THE EPIPHANY OF THE LORD

5 JANUARY 2025

 

            Saint Paul tells the Ephesians that he has been given the stewardship of God’s grace.  That gift was given to him on the road to Damascus, when the Risen Lord appeared to him to initiate a most dramatic conversion.  As a responsible steward, Saint Paul spent the rest of his life sharing that gift with people, especially non-Jewish Gentiles.

            Saint Matthew explains the gift of God’s grace today.  The magi are probably astrologers who respond not by a direct revelation by God, but by a star, part of God’s creation.  They follow the star, much like the Israelites followed a pillar of fire when leaving Egypt.  Expecting that a king would be born in a capital city, they arrive in Jerusalem.  There, the acting king seeks the advice of the chief priests and the scribes.  They quote the Prophet Micah that the child would be born in Bethlehem.  He sends them there, not to do homage, but to eliminate a potential rival.       

            Directed by the star, they arrive in Bethlehem.  Entering the house, they encounter what appears to be an ordinary baby.  But, guided by the revelation of the Prophet Micah, they perceive much more.  They prostrate themselves to do him homage, acknowledging by their gifts the true identity of this child.  The gold identifies him as the king they had traveled to visit.  The frankincense declares that he is God, and not just an ordinary king in the line of King David.  The myrrh reflects his mission.  Obeying the will of his Father, he will sacrifice his entire life on the cross for the salvation of all.  Having been warned in a dream not to return to Herod, they depart by another way to their country.

            The irony is striking.  Those who know better should have recognized this gift of God’s grace.  But they ignore it.  Those who have had no understanding or interest in the gift get it.  Their encounter with this gift changed them, indicated by their decision to return home by another way.  The poet T.S. Eliot expresses this conversion in his poem, “Journey of the Magi.”  Eliot speaks from the perspective of one of the magi in his old age.  He describes the difficulties he and his fellow travelers had encountered on their way to Bethlehem.  After painting a word picture of the Mystery that they had encountered, he ends the poem by saying: “We returned to our places, these Kingdoms, but no longer at ease there, in the old dispensation, with an alien people clutching their gods.”  No longer aliens, they now share the gift of God’s grace that Saint Paul describes in the second reading.

            In the first reading, the prophet Isaiah tells Jerusalem to rise in splendor and be so radiant that the world will see the Lord’s light reflected through her inhabitants.  Ironically, he speaks to exiles recently returned to Jerusalem after their fifty-year exile in Babylon.  There is no splendor or radiance in this destroyed city.  But Isaiah promises that God will prevail and overcome their darkness and hard work of rebuilding their city.  Saint Matthew sees this prophecy fulfilled in today’s Gospel.  The magi encounter the splendor and radiance of the infant, who is king, God, and suffering servant.
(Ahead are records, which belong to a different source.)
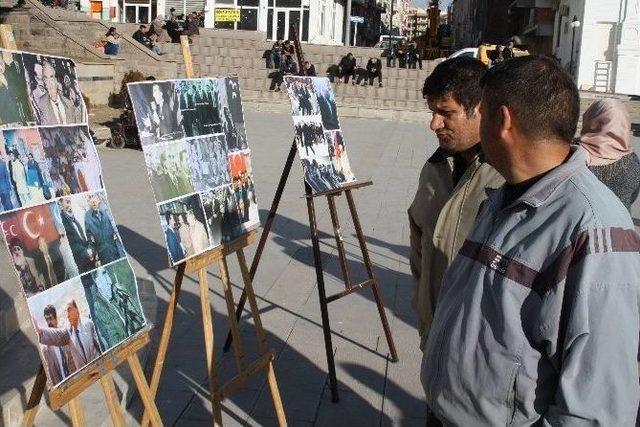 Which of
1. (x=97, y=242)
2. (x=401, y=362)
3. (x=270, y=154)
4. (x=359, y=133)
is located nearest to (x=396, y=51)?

            No matter how dark and discouraging we may find our world today, we too have been baptized as stewards of God’s grace.  At this Mass, we hear ordinary words and see gifts of bread and wine.  Like the magi, we hear the Lord speaking to us in the Word.  We look beyond the appearance of bread and wine.  We prostrate ourselves during the Eucharistic Prayer in homage and encounter the Lord’s presence as his Body and Precious Blood.  Instead of bringing gifts of gold, frankincense, and myrrh, we bring the gifts of our hearts in praise and thanksgiving.  Then, transformed by these gifts, we are sent out to be stewards of God’s grace to those we encounter in this New Year.